Governance, Values & America’s Next Top Model
A few days after Netflix dropped the trailer for the America’s Next Top Model documentary, I made the mistake of showing up to give a guest lecture on democratic systems resiliency to public policy students wearing a tan trench coat.
The students dragged me.
Thanks a lot, Tyra.
So I pivoted. We ended up talking about pop culture and politics instead. I was genuinely curious — most of them weren’t even alive when America’s Next Top Model first aired. Why the excitement? Where is the energy coming from?
Many first encountered the cultural fossil of Top Model during the pandemic when the world stopped, routines broke, and we collectively untethered from so many toxic norms: long commutes, girlboss maximalism, $20 salads, grind-as-identity.
Before that rupture, interrogating toxicity at scale required too much friction. Who has the time? Who has the money? Who cares?
And so the show went on and on and on.
The pandemic created a cultural record-scratch moment. We suddenly had the time. We had (for some, briefly) the money. And we very much cared. We looked at ourselves through the mirror of culture and what we saw was more than embarrassing — it was racist, abusive, extractive, and wildly meme-able.
Top Model wasn’t just a show that didn’t age well. It was a product of an unregulated, un-unionized era of reality television — competitive loathing disguised as opportunity. A machine optimized to exploit dreamers surviving a culture that constantly told them they were not enough.
Of course, with the awareness we carry in 2026, there’s an appetite for accountability. I’m not surprised by the backlash.
I’m surprised by the timing.
“Look at who is the President," I pointed out.
The room went quiet.
But my curiosity remains.
Because even in the heyday of Top Model, better options were always there. They just required something our overscheduled, under-resourced, overbooked culture rarely had space for:
Effort.
Bethann Hardison is the person Tyra Banks wishes she could be.
Hardison has mentored Black models since the 1960s, radically reshaping high fashion. At the 1973 Battle of Versailles, American designers cast ten Black models, unprecedented at the time, that included Hardison and shifted the global fashion imagination. In the 1980s, she launched her own model management firm. She fiercely advocated for workplace protections and diverse representation, elevating the careers of Naomi Campbell, Iman, Tyson Beckford and so many others.
Her success was not linear. In the 1990s, when runways became less diverse and casting calls brazenly read “No Blacks, no ethnics,” Hardison organized and pushed back. She did it again in the early 2000s. And again in 2013. And again today.

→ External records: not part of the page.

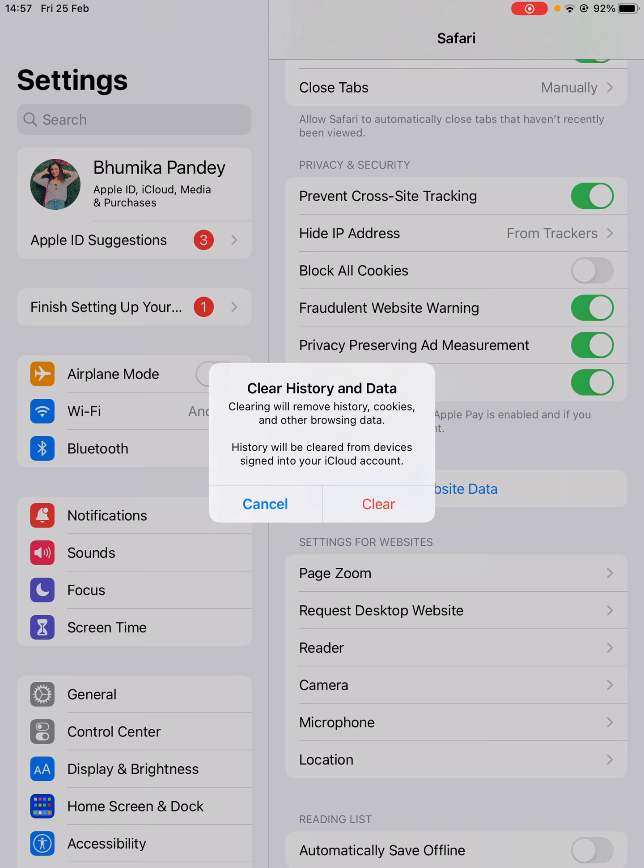You can actually read it: Clearing history and data will remove history, cookies, and other browsing data. History will be cleared from the devices signed into your iCloud account.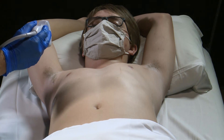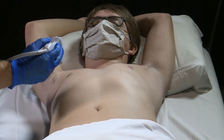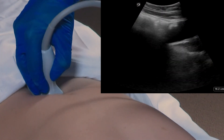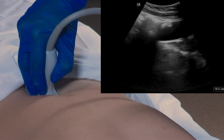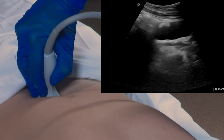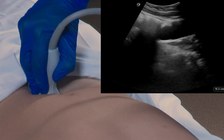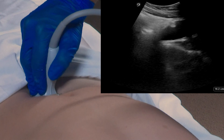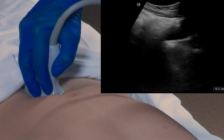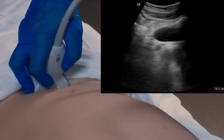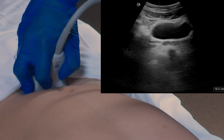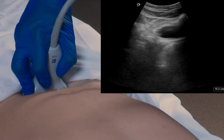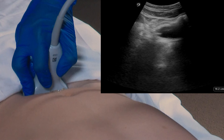For the pelvic views, we're going to place the transducer first in a sagittal orientation with the transducer just above the pubic symphysis. We're going to identify the bladder, and in this case the prostate, and then fan the transducer side to side looking for any free fluid that may be present in this space. After we have looked in the sagittal orientation, we're going to rotate the marker dot towards the patient's right, and again fan forward and backward, making sure to identify any free fluid that may live in the peritoneal space.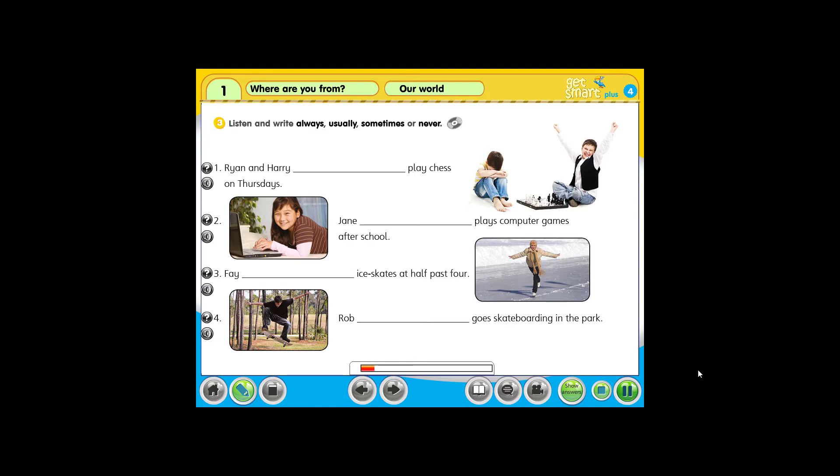1. But today is Wednesday. So, can you come? Of course we can.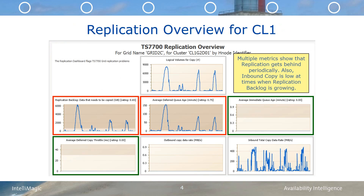Using the standard drill-down capability within Intellimagic Vision, we can focus on the replication metrics time charts for the CL1 cluster in this grid. By clicking on the CL1 row, we will be able to see a replication overview multi-chart for CL1 showing various replication metrics for that cluster. These charts are from the perspective of the receiving cluster. A multi-chart display can give you perspectives not available when looking at only one metric at a time. Here we can see that at peak times during these four days, the replication backlog builds up to over 6,000 gigabytes and the average deferred QH is over 150 minutes. Since the customer's SLA called for a 60-minute RPO, he was not meeting this SLA.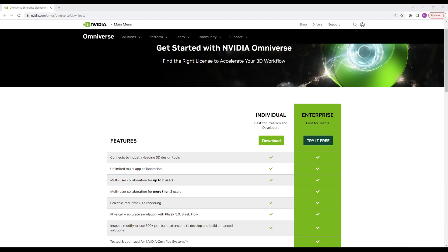Hey everyone, in this video I'm going to show you how to find and download the ActionGraph samples so you can get started learning ActionGraph for NVIDIA Omniverse. So the first thing you're going to want to do is download the Omniverse launcher if you haven't already — I'll have a link for this in the description.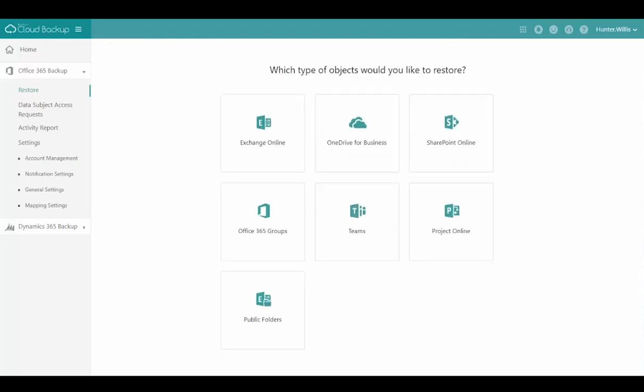This has been how to restore an object in Office 365 Cloud Backup with AvePoint.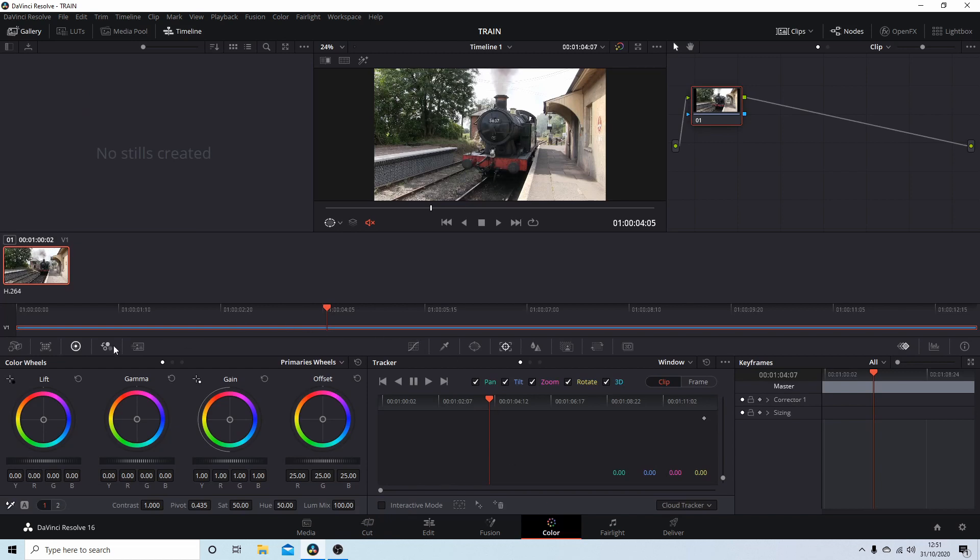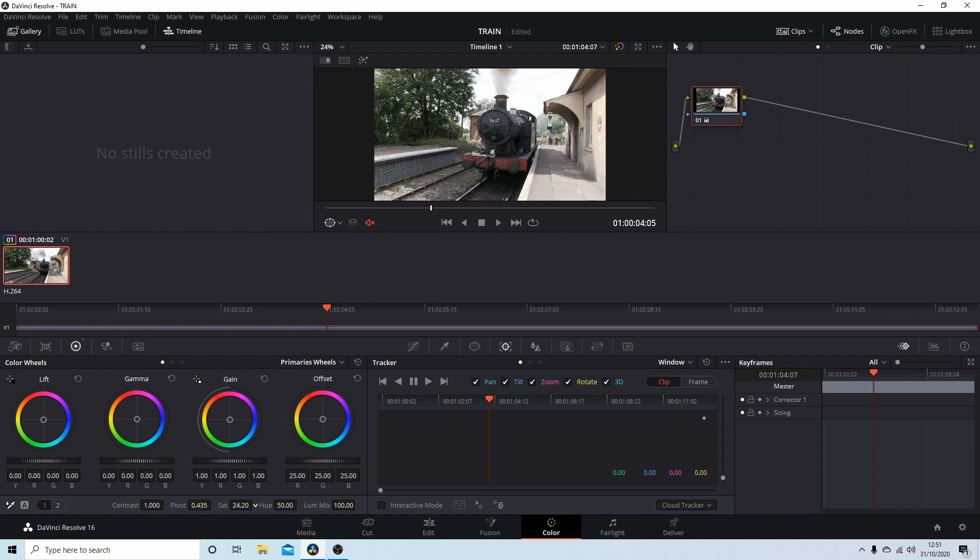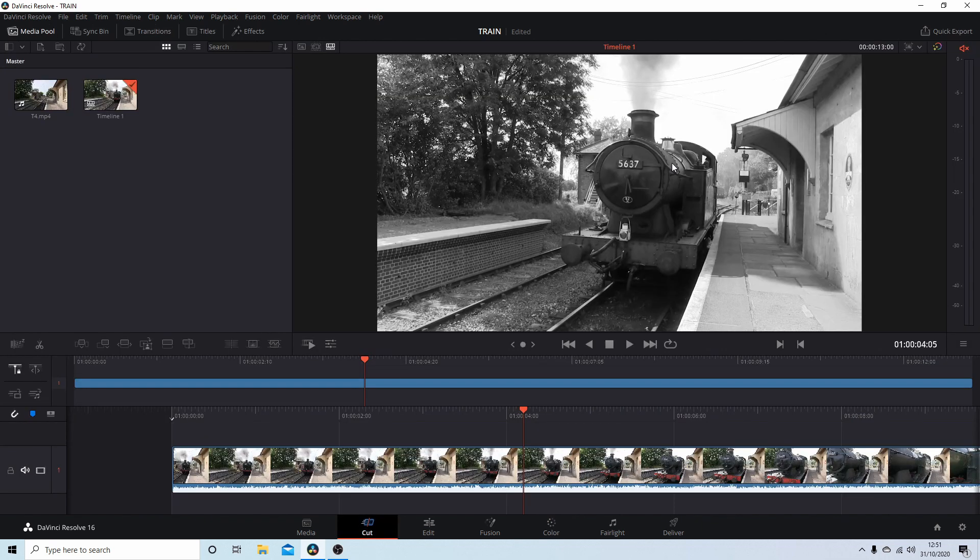Make sure that the color wheels are selected - this is the round circle with a dot in the middle. At the very bottom, you've got something that says Saturation 50. If you hold your left mouse button down and drag your mouse to the left so that you've got 0, you'll end up with a black and white video clip.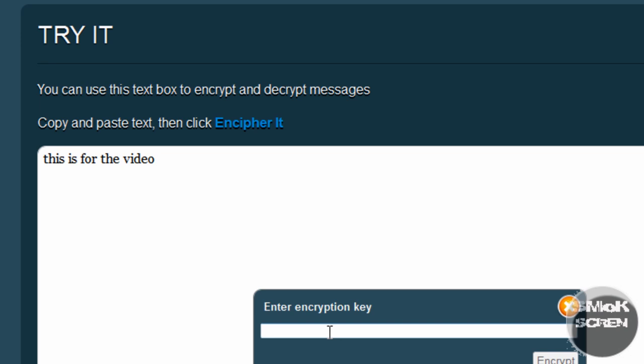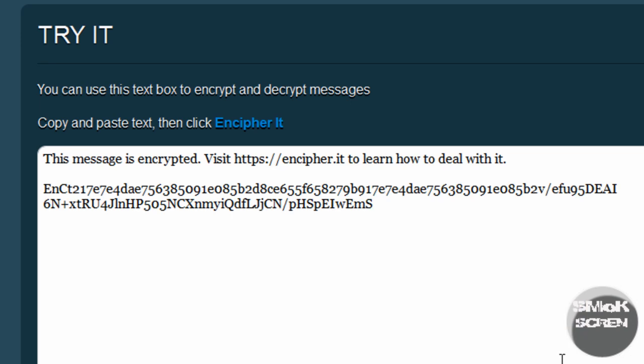You're going to want to pick a good password, something someone can't guess. I'm just going to say 'password' since this is just a basic example. Click encrypt, generating. If they already know the site,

The documentary Invisible Beauty is an extraordinary celebration of her life’s work — and a palate cleanser after the chaos of Top Model.
Bethann Hardison was always there.
Better was always there.
But better required friction. Better required looking closer. Better required choosing something that didn’t scream for attention but stood quietly for dignity.
Better required effort.
So if this matters so much — if governance and culture are downstream from the values we normalize — why don’t we choose better more often?
This week, I lived this dissonance when a cascade of small disasters turned what should have been a five-hour journey home into a 30-hour odyssey. One of those disasters was Trump administration's suspension of Global Entry. I stood in a four-hour customs line, exhausted, watching the elderly and children around me meltdown under fluorescent lights.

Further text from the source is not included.